“We understand the urge to celebrate during the holidays. But, do not let the excitement of being out on the water deter you from your responsibility to your passengers and others on the water,” said Lt. Col. Jeff Weaver in a DNR press release. “Your knowledge of boating rules and regulations is critical to ensure that everyone comes home safely at the end of the day.”
Focusing on new and old boating regulations, rangers hope boaters will keep all safety precautions in mind as well as those specific to the Fourth of July. Conservation Ranger Zack Hardy emphasizes capacity limits, life jacket requirements and navigational lights.
“Do not overload your vessel past the capacity limit,” Hardy said. “This is important any time, but especially this week with fireworks going on. A lot of people will want to overload the boats getting people out there to watch fireworks on the lake. Be sure there’s a life jacket for everybody on board and be sure your navigational lights work.”
With large crowds on the water after dark, certain dangers increase and with relatively narrow channels on Allatoona, Hardy hopes to see everyone using proper navigational lights if the weather allows for fireworks.

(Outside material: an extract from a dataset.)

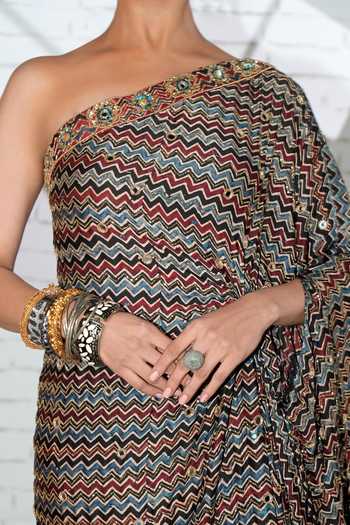 Buy_Sheeshakari_Black Silk One Shoulder Hand Embroidered Ajrakh Print Kaftan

“At night after the fireworks are go off and everyone starts leaving, a lot of people forget to turn their lights on or they don’t even know if they work or not. So just be cautious and be sure they work before you go out,” Hardy said. “You get hundreds of boats leaving one area at one time, if you don’t have lights on they won’t see you. This lake is narrow as it is, which means boats can be right up on top of each other and lights can save your life, keeping others from running over you.”
Georgia DNR provides the following tips for a safe holiday on the water:
• Designate an operator — Do not drink and operate a boat. Georgia law has changed to move the blood alcohol content level to 0.08 to match Georgia driving law.
• Take a boating safety course — Visit www.goboatgeorgia.com/boating/education for course listings.
• Wear a life jacket — Children younger than 13 years of age are required by law to wear a life jacket while onboard a moving vessel, but it is recommended for everyone to wear a life jacket.
• Don’t overload your boat with people or equipment — Check the capacity plate for the maximum weight or the maximum number of people the boat can safely carry.
• Use navigation lights at all times when on the water at night — Check lights before it gets dark.
• Watch your speed — The 100-foot law applies to all size vessels and prohibits operation at speeds greater than idle speed within 100 feet of any vessel, unless overtaking or meeting another vessel in compliance with the rules of the road.
Personal water craft operators also should be aware of these additional safety rules:
• Do not jump the wake of another boat.
• Pay attention to your surroundings and make sure you stay well clear of other vessels.
• Know Georgia’s age requirements for PWC operation.
• Make sure everyone who operates a PWC is aware of boating laws and how to safely operate a PWC. Owners can be held responsible.